-- EXERCISE --
Wherever a picture appears, skip it and retype the rest of the data exactly.

-- Stored data --
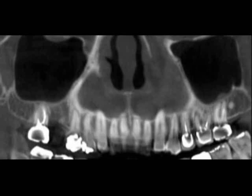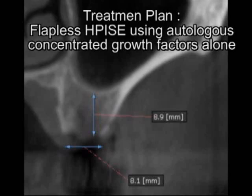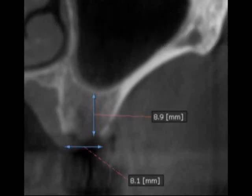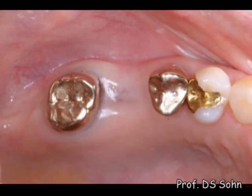The panoramic view of cone-beam CT shows no pathology in the right maxillofacial sinus. The cross-sectional view at the site of the missing first molar shows approximately 9mm bone height and 8mm bone width. A flapless HPS technique using autologous concentrated growth factors was planned in order to minimize postoperative patient discomfort.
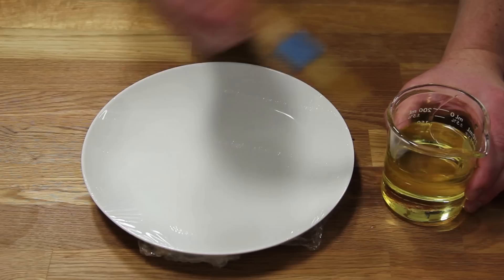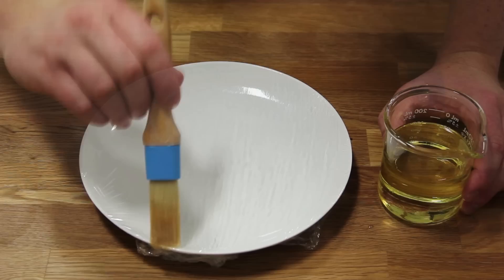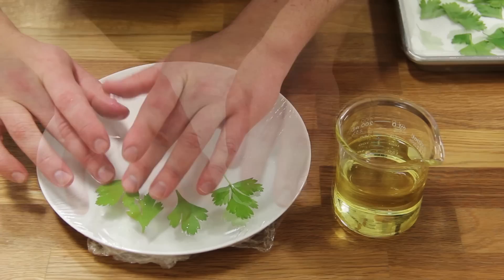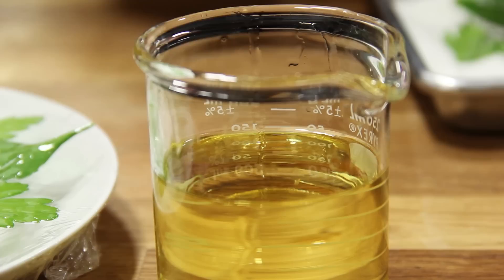Brush the plastic wrap with a thin layer of neutral oil. Next, dip each herb leaf in the oil and carefully lay it flat on top of the plastic wrap, making sure it completely touches the surface. Otherwise, the parts that aren't touching the plastic wrap might steam and you won't get a completely crisp herb.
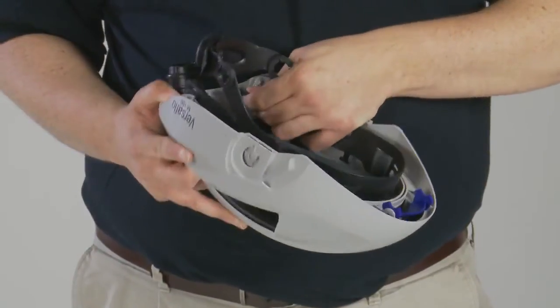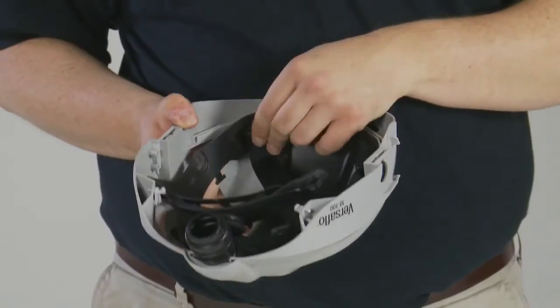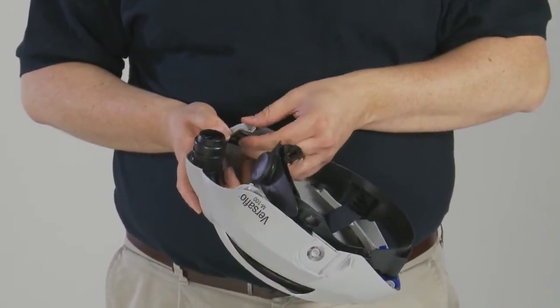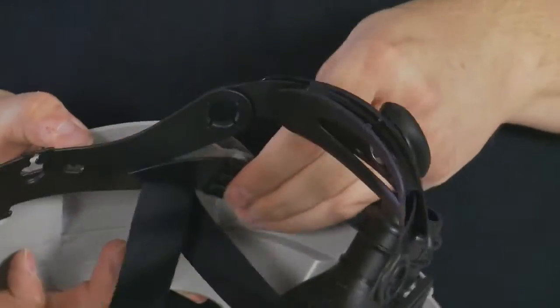To remove the head suspension from the M100 series, pull the height adjustment slots free from the pegs at all four points. This can also be done to remove the headband from the M300 or M400 series. The headband can be replaced by pushing the height adjustment slots in the headband back over the pegs at all four attachment points.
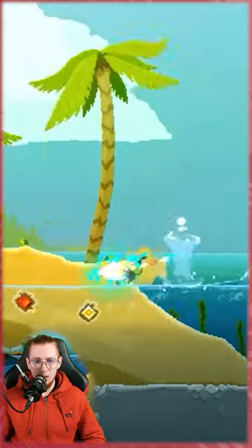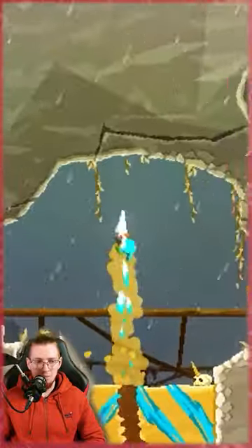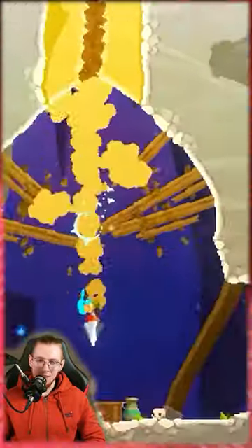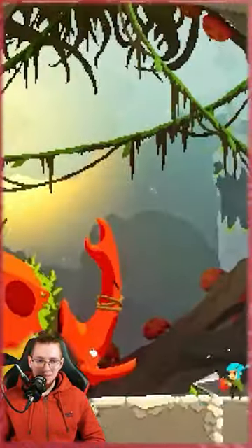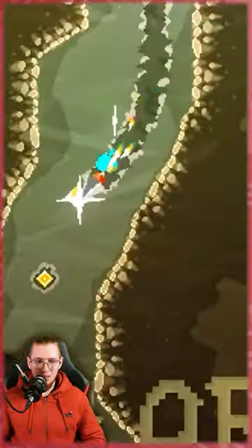This looks kind of cool. It's like you're a little drill dude and you have to drill through sand or whatever that is, or just any sort of material. That looks kind of fun. You've got some like crazy machine gun thing as well as your drill.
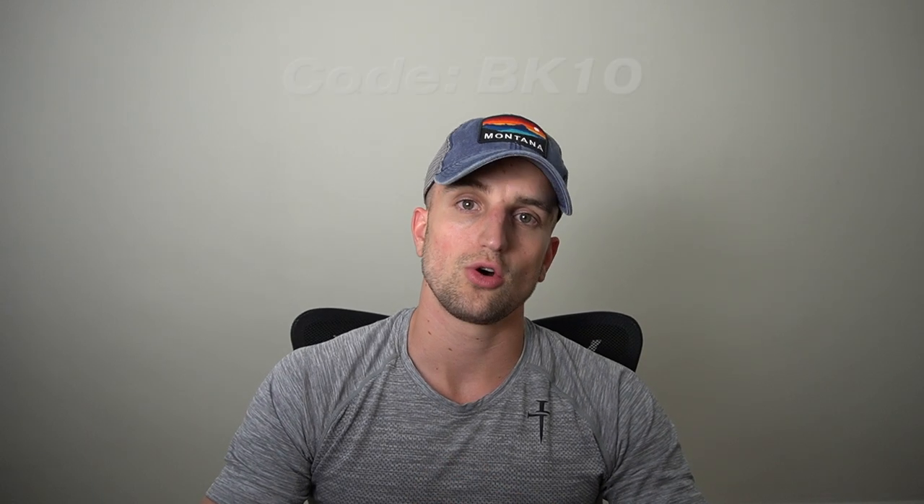I think you guys are going to like the 2.0 version. If you want to check out these shorts, I'll leave the link down below. You can get a discount by using code BK10 to get 10% off your order. If you have any questions about the shorts, leave them down below. If you enjoyed the video, like it, subscribe, and share. See ya.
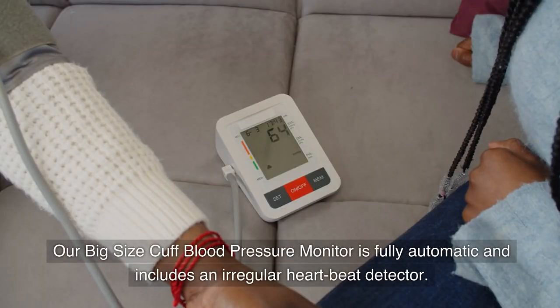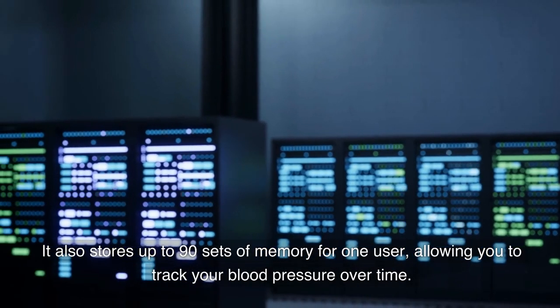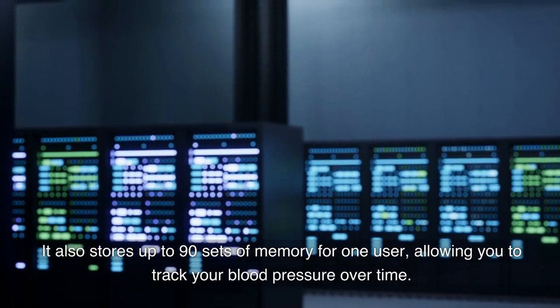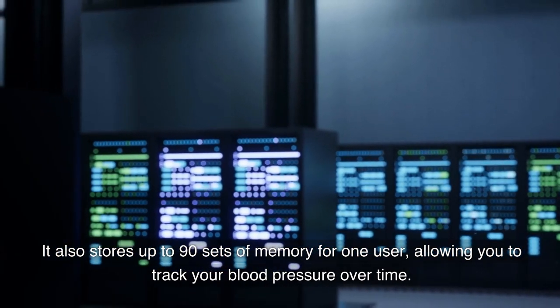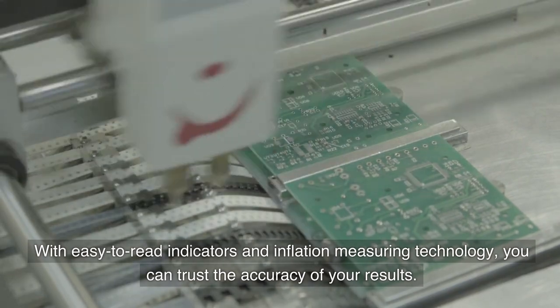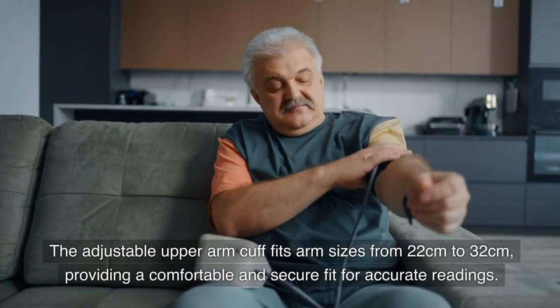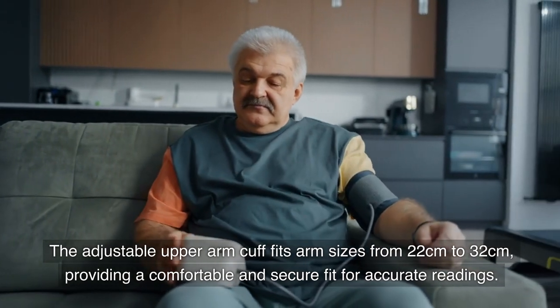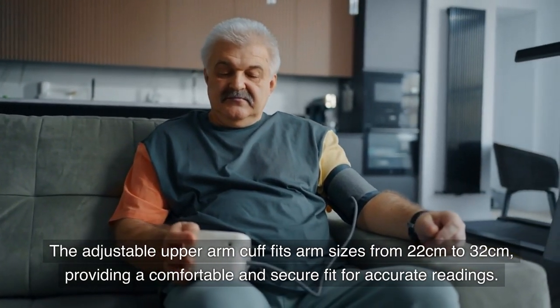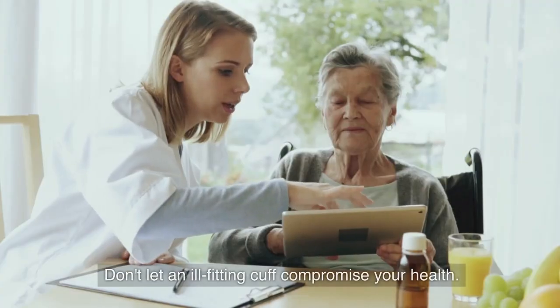Our big size cuff blood pressure monitor is fully automatic and includes an irregular heartbeat detector. It also stores up to 90 sets of memory for one user, allowing you to track your blood pressure over time. With easy-to-read indicators and inflation measuring technology, you can trust the accuracy of your results. The adjustable upper arm cuff fits arm sizes from 22 centimeters to 32 centimeters, providing a comfortable and secure fit for accurate readings.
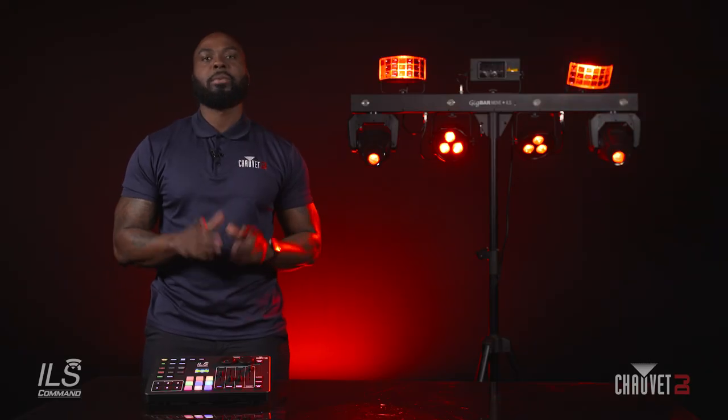I hope this information was helpful. If you have any other questions on the ILS Command, please visit us at chavedj.com. Thank you for watching.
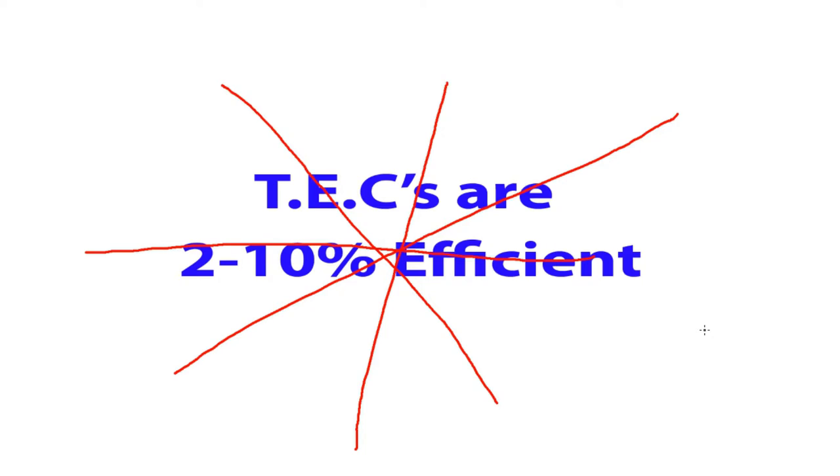I was going to do a single video on TEC efficiency, but I quickly realized it was going to become 2 hours, and no one actually watches a 2-hour video. Also, I realized the problem with the word efficiency is that people seem to completely and utterly misunderstand what efficiency actually is, and therefore they incorrectly apply that to TECs. So we really need to start at the beginning with the conservation of energy, then move on to what efficiency is not, then what it is, then talk about COP and what that is — and then we can start talking about TEC efficiency.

-- SOLUTION TO THIS EXERCISE --
The panoramic view of cone-beam CT shows no pathology in the right maxillofacial sinus. The cross-sectional view at the site of the missing first molar shows approximately 9mm bone height and 8mm bone width. A flapless HPS technique using autologous concentrated growth factors was planned in order to minimize postoperative patient discomfort.
Brush the plastic wrap with a thin layer of neutral oil. Next, dip each herb leaf in the oil and carefully lay it flat on top of the plastic wrap, making sure it completely touches the surface. Otherwise, the parts that aren't touching the plastic wrap might steam and you won't get a completely crisp herb.
To remove the head suspension from the M100 series, pull the height adjustment slots free from the pegs at all four points. This can also be done to remove the headband from the M300 or M400 series. The headband can be replaced by pushing the height adjustment slots in the headband back over the pegs at all four attachment points.
This looks kind of cool. It's like you're a little drill dude and you have to drill through sand or whatever that is, or just any sort of material. That looks kind of fun. You've got some like crazy machine gun thing as well as your drill.
I think you guys are going to like the 2.0 version. If you want to check out these shorts, I'll leave the link down below. You can get a discount by using code BK10 to get 10% off your order. If you have any questions about the shorts, leave them down below. If you enjoyed the video, like it, subscribe, and share. See ya.
Our big size cuff blood pressure monitor is fully automatic and includes an irregular heartbeat detector. It also stores up to 90 sets of memory for one user, allowing you to track your blood pressure over time. With easy-to-read indicators and inflation measuring technology, you can trust the accuracy of your results. The adjustable upper arm cuff fits arm sizes from 22 centimeters to 32 centimeters, providing a comfortable and secure fit for accurate readings.
I hope this information was helpful. If you have any other questions on the ILS Command, please visit us at chavedj.com. Thank you for watching.
I was going to do a single video on TEC efficiency, but I quickly realized it was going to become 2 hours, and no one actually watches a 2-hour video. Also, I realized the problem with the word efficiency is that people seem to completely and utterly misunderstand what efficiency actually is, and therefore they incorrectly apply that to TECs. So we really need to start at the beginning with the conservation of energy, then move on to what efficiency is not, then what it is, then talk about COP and what that is — and then we can start talking about TEC efficiency.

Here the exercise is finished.